My son is in Kinder, he is 5 years old born May 6. This is his first yr in school, he has no preschool experiance. I'm having trouble with his teacher, I have him enrolled in a charter school that has a 2-3 yr waiting list. When school started i had emailed the teacher about 3 weeks into school and asked her his progress I noticed he was writing his name upside down sometimes, he is my first born so I was unsure if this was normal, she told me it wasn't, she suggested I keep him home another yr and put him in preschool, I told her I wanted him to have a chance 3 wks was too quick to start making changesThen a couple of weeks went by and I asked how he was doing, and she started asking me questions about our family history, I told her my husband was colored blind so then she insisted that my son was also colored blind, I took him to the doctor and the Doctor said that he wasn't did a color test and he knew his colors (teacher had said he knew none)? so I told the teacher what the doctor said, and then I had her ask my son his colors and he knew them, she then insisted that she hadn't done that test on him that her assistant had conducted the test so that was that. Then weeks go by again and I email her to see his progress and now she tells me he has some kind of learning disability, I ask for a conferance with the principal, she directs me to the ed specialist. My son was enrolled late all other kids did a pre-kinder program the year before, I feel like she is picking on him.
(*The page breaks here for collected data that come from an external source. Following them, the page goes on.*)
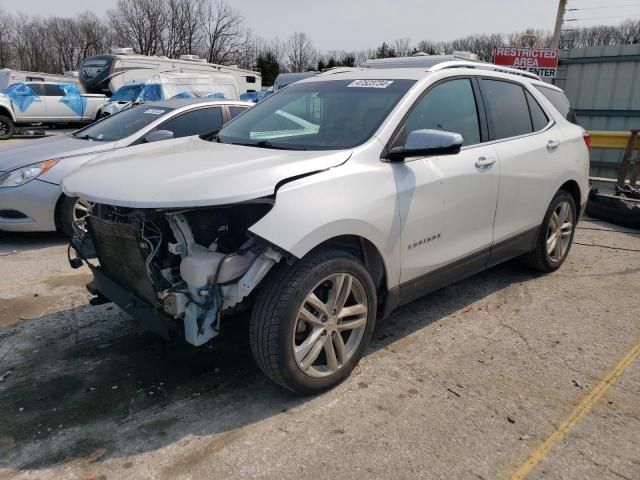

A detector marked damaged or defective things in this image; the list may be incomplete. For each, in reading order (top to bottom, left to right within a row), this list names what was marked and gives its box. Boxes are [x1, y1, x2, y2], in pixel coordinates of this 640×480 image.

damaged white suv [62, 62, 588, 394]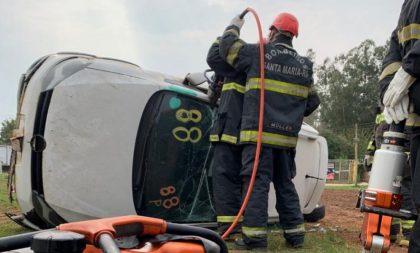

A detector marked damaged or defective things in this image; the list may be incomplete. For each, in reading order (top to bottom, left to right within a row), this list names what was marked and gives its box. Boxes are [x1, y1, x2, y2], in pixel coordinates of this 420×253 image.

overturned white car [9, 52, 328, 229]
shattered windshield [133, 91, 215, 223]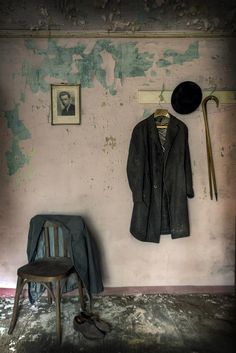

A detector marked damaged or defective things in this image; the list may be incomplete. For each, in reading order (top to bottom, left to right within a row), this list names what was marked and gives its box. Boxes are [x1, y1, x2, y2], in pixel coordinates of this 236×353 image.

peeling painted wall [0, 35, 235, 288]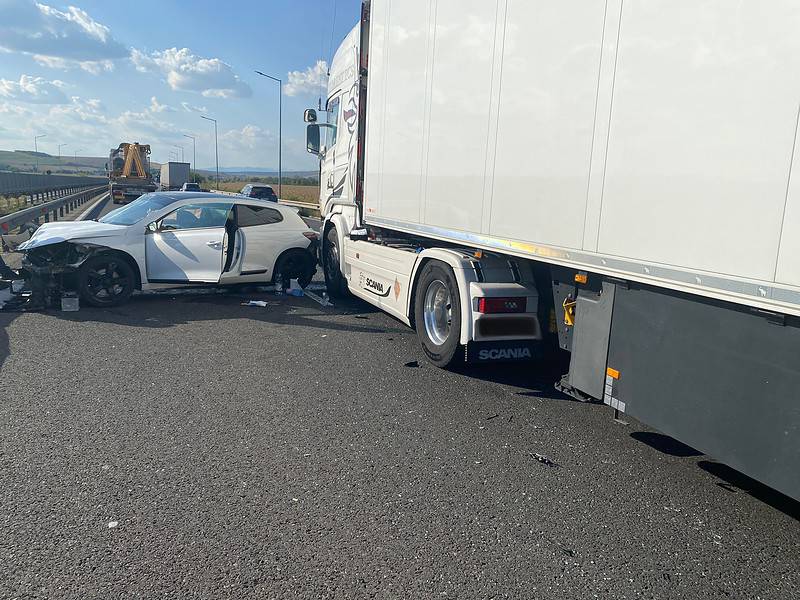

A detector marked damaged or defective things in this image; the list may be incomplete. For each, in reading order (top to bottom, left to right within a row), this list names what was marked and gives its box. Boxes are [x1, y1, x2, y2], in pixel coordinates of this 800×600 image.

damaged white car [5, 192, 322, 310]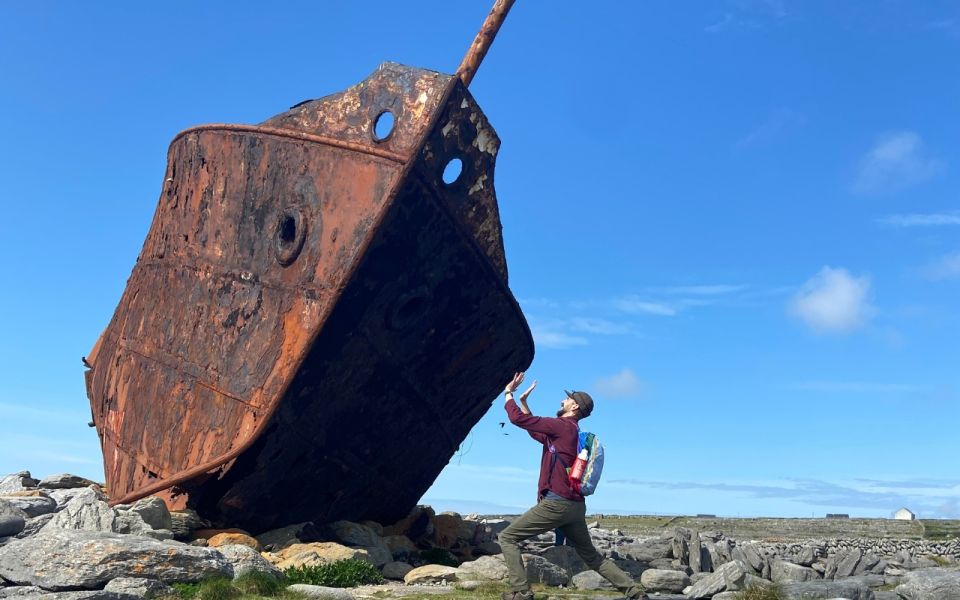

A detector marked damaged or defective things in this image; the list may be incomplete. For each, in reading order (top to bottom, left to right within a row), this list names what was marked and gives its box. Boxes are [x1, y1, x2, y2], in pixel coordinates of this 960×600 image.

rusty shipwreck [82, 1, 532, 536]
corroded metal hull [86, 63, 536, 532]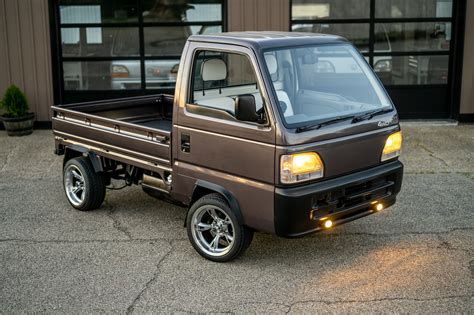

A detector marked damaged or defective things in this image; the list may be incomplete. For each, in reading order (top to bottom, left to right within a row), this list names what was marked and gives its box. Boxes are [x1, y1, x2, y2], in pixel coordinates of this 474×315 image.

crack in pavement [126, 241, 176, 314]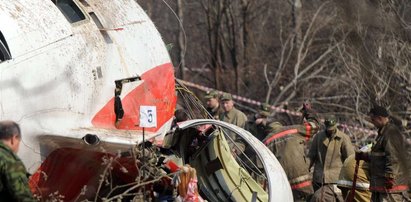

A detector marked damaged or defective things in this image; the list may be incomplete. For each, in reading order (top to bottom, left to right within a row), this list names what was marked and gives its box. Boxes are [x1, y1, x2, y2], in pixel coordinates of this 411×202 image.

crashed airplane [0, 0, 292, 200]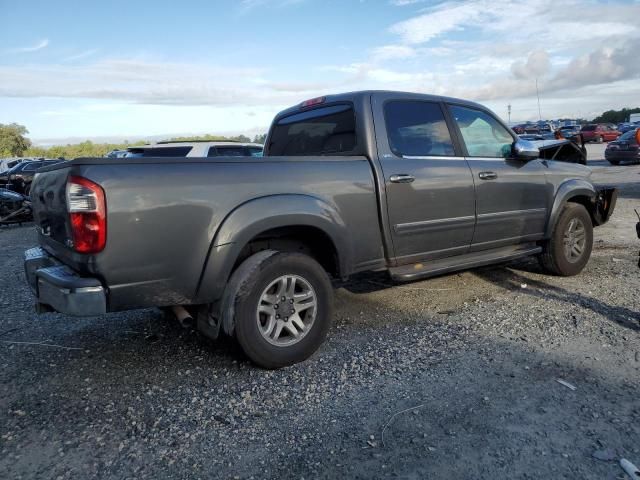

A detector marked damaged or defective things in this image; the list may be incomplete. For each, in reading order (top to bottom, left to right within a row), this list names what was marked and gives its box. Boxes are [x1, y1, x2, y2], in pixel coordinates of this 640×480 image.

damaged vehicle [0, 188, 32, 225]
damaged vehicle [23, 90, 616, 368]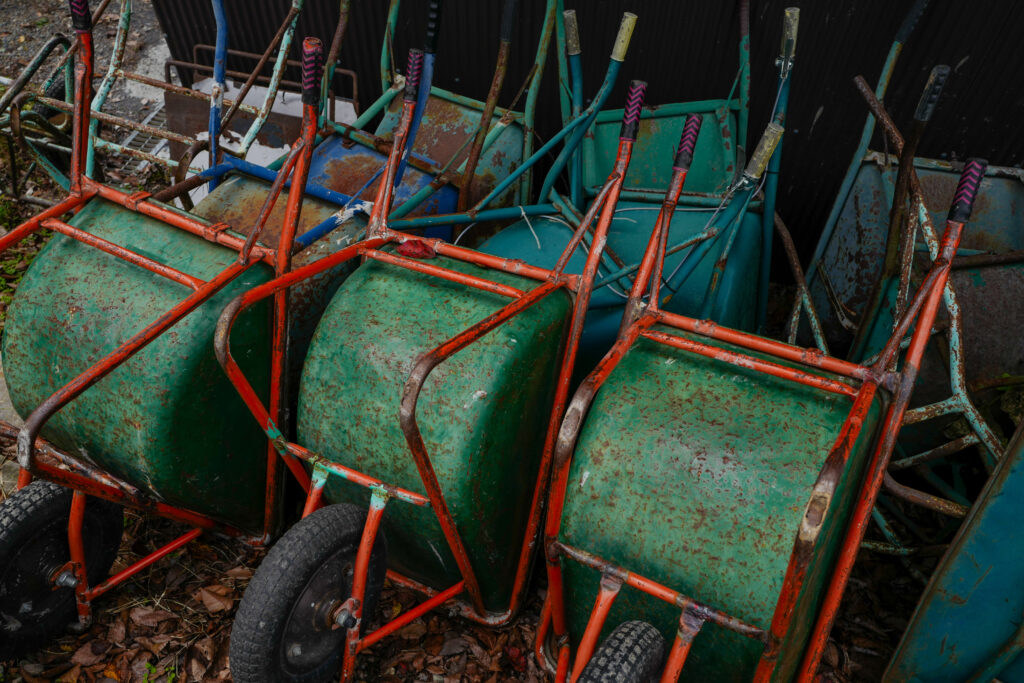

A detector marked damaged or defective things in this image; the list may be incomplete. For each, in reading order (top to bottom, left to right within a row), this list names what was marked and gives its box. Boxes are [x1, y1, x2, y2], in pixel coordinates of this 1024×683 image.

rusty green metal tub [557, 329, 884, 679]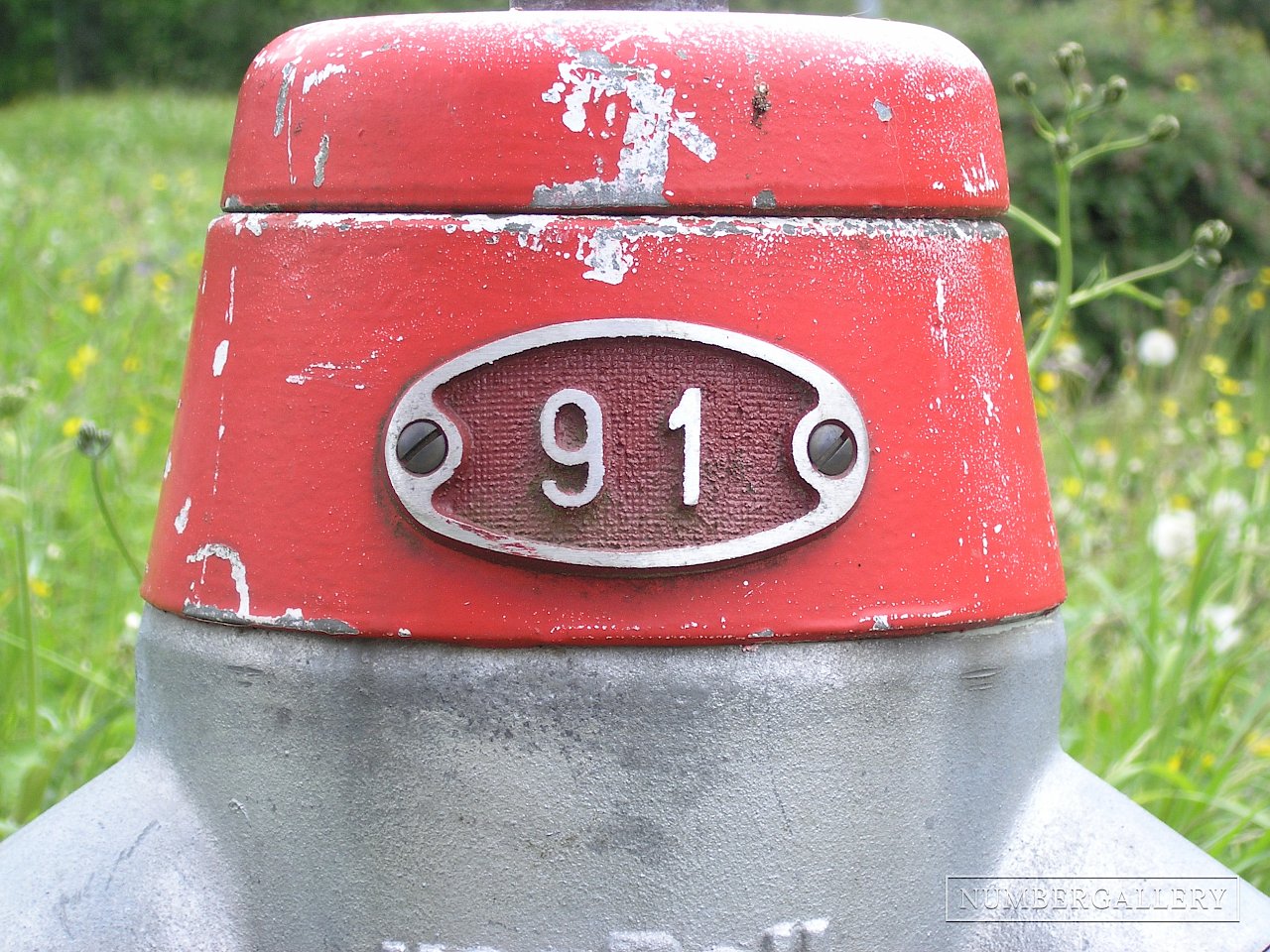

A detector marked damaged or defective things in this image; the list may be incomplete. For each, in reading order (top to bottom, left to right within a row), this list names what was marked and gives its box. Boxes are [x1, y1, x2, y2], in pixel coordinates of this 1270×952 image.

chipped white paint [302, 62, 347, 95]
chipped white paint [533, 48, 715, 207]
chipped white paint [959, 151, 1000, 196]
chipped white paint [213, 340, 230, 375]
chipped white paint [175, 500, 191, 537]
chipped white paint [187, 542, 251, 619]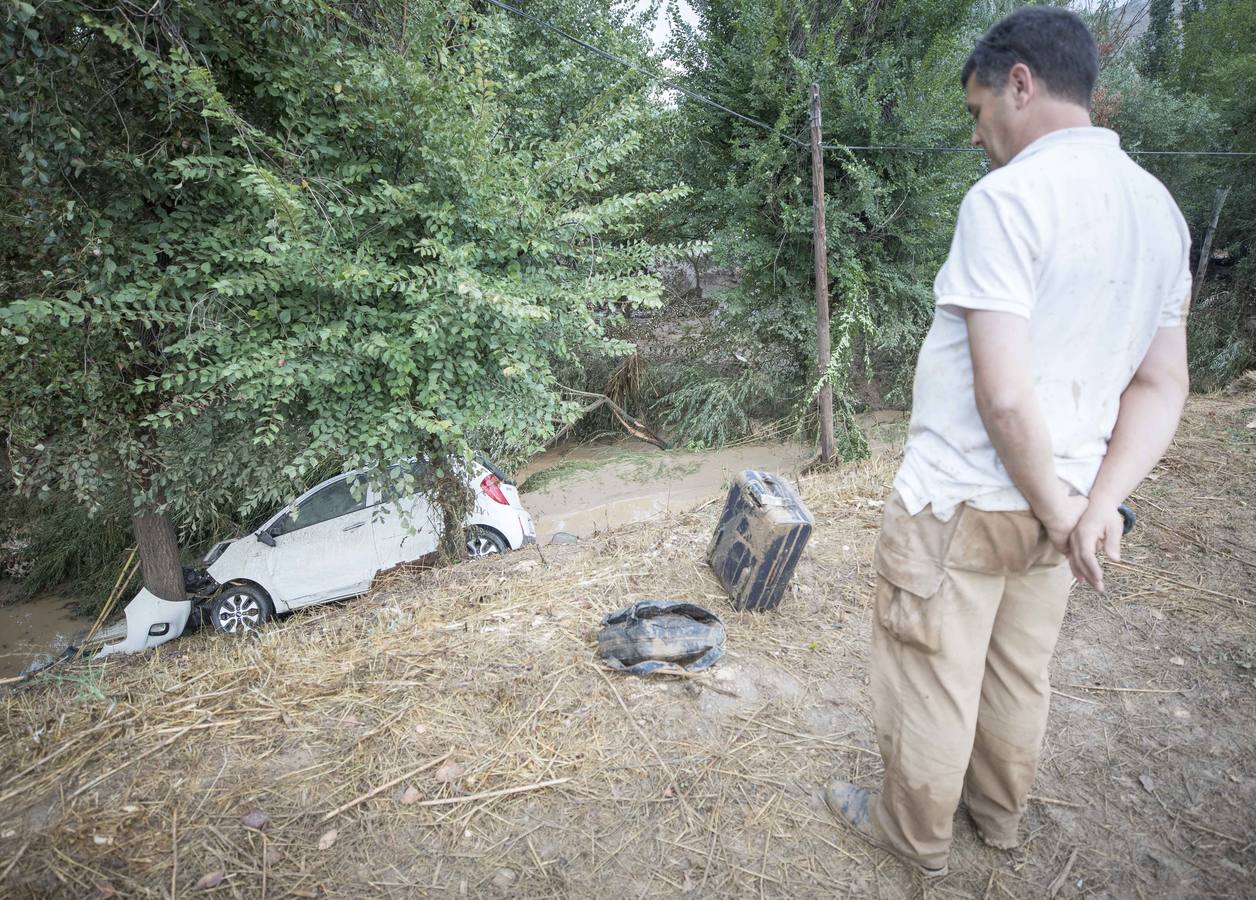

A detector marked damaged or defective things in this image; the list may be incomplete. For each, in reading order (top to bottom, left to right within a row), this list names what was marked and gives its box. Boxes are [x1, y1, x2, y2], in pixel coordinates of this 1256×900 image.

detached bumper [95, 587, 190, 657]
Don't panic. I know it's sometimes tough being a parent and finding the right resources for one's child, especially since children develop at their own rates. Since this is your son's first school experience, he may need more time to observe and mimic the other children.
One thing to consider, however, is that boys often don't blossom as quickly as girls of the same age. And, having a May birthday is a late date, which probably makes your son one of the younger students in his class. Plus, the pre-kinder program probably helped the other students to learn a lot of the readiness skills for the Kinder program. In my opinion, Kinder programs today are more like first grade programs were about twenty years ago. A lot of things have changed. But, what you want to do now is to gain a lot of information about your son.
Consider visiting a pre-kinder program to see what goes on there and if your son would fit better there. Also don't be afraid to talk with the ed specialist; this person has a lot of informal assessment tools that could yield some real insight into your child's strengths and his readiness for kindergarten. Consider, too, calling your school district and asking to speak to the person who is in charge of "Child Find." This is a special program which regularly assesses preschool-age children to determine their strengths and weaknesses, as well as their rediness for school; depending on the size of your district, this could be the ed specialist. I've attached a web site, which details "Child Find" programs in general, but each state implements the program a bit differently from another.
Since your son hasn't had any child care or pre-kinder experience, it's time to seek out some resources that can help you to find the best alternative(s) for your son.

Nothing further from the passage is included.